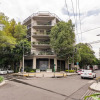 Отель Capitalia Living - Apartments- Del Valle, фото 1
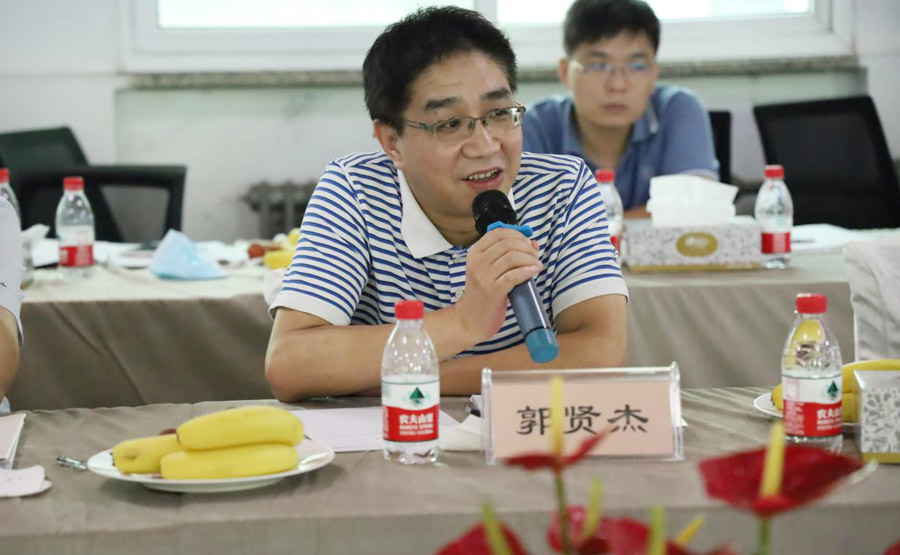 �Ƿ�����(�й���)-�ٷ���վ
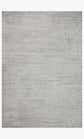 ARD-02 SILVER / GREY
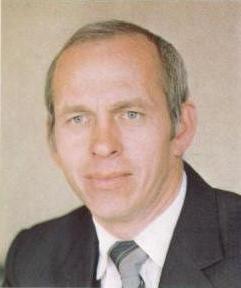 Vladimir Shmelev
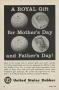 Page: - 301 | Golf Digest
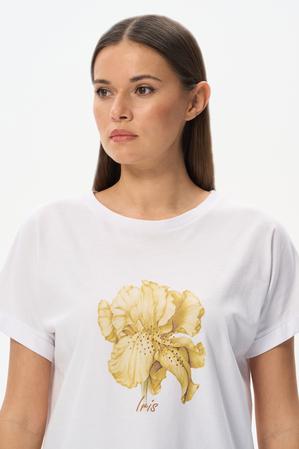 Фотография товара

...

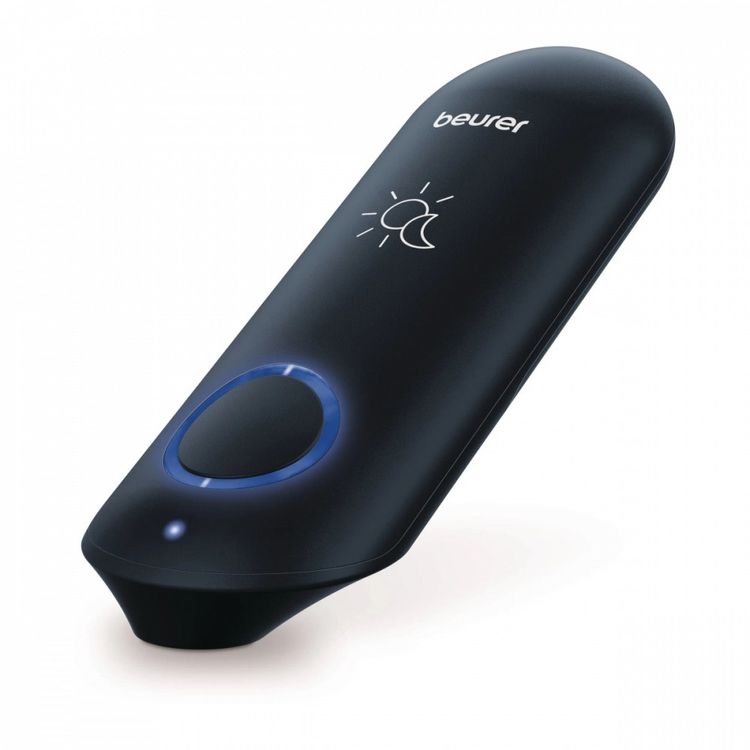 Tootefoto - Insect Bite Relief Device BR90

...

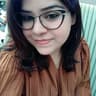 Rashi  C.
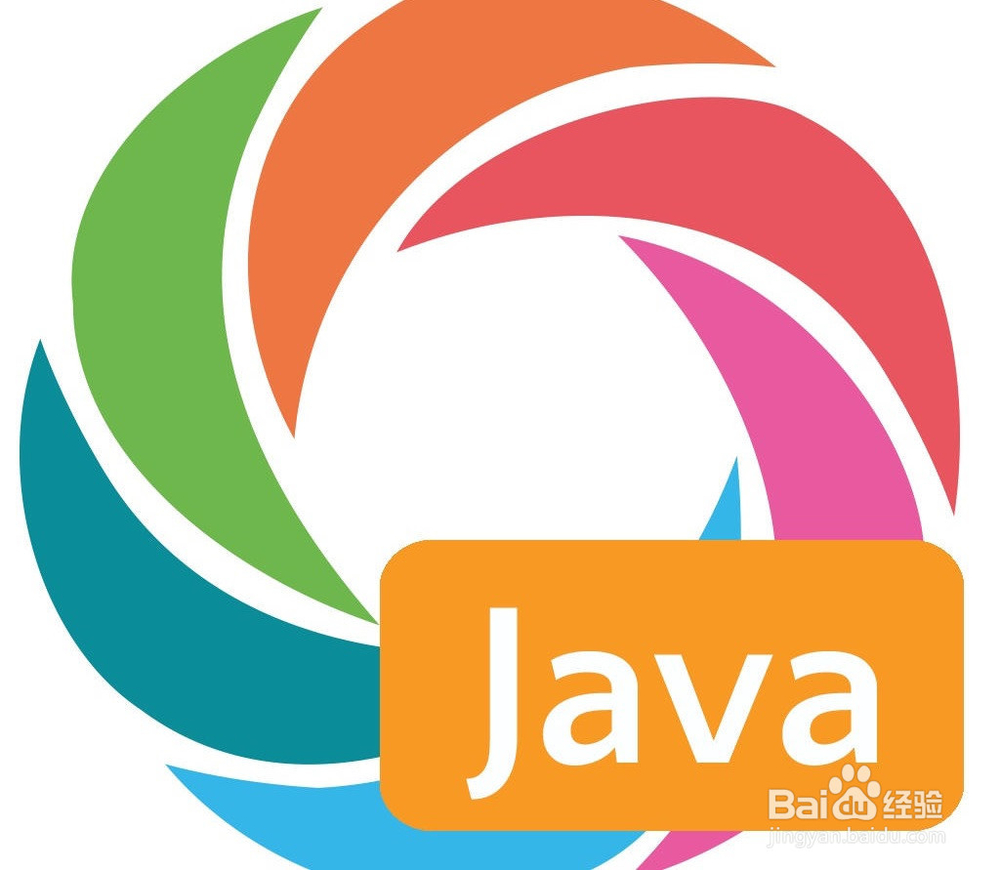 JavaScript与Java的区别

- PROBLEM STATEMENT
Transcribe the listing above exactly, but only from the line with "Отель Capitalia Living" through the line with "Фотография товара". Include both of those lines and omit the pictures.

- PROBLEM SOLUTION
 Отель Capitalia Living - Apartments- Del Valle, фото 1
 �Ƿ�����(�й���)-�ٷ���վ
 ARD-02 SILVER / GREY
 Vladimir Shmelev
 Page: - 301 | Golf Digest
 Фотография товара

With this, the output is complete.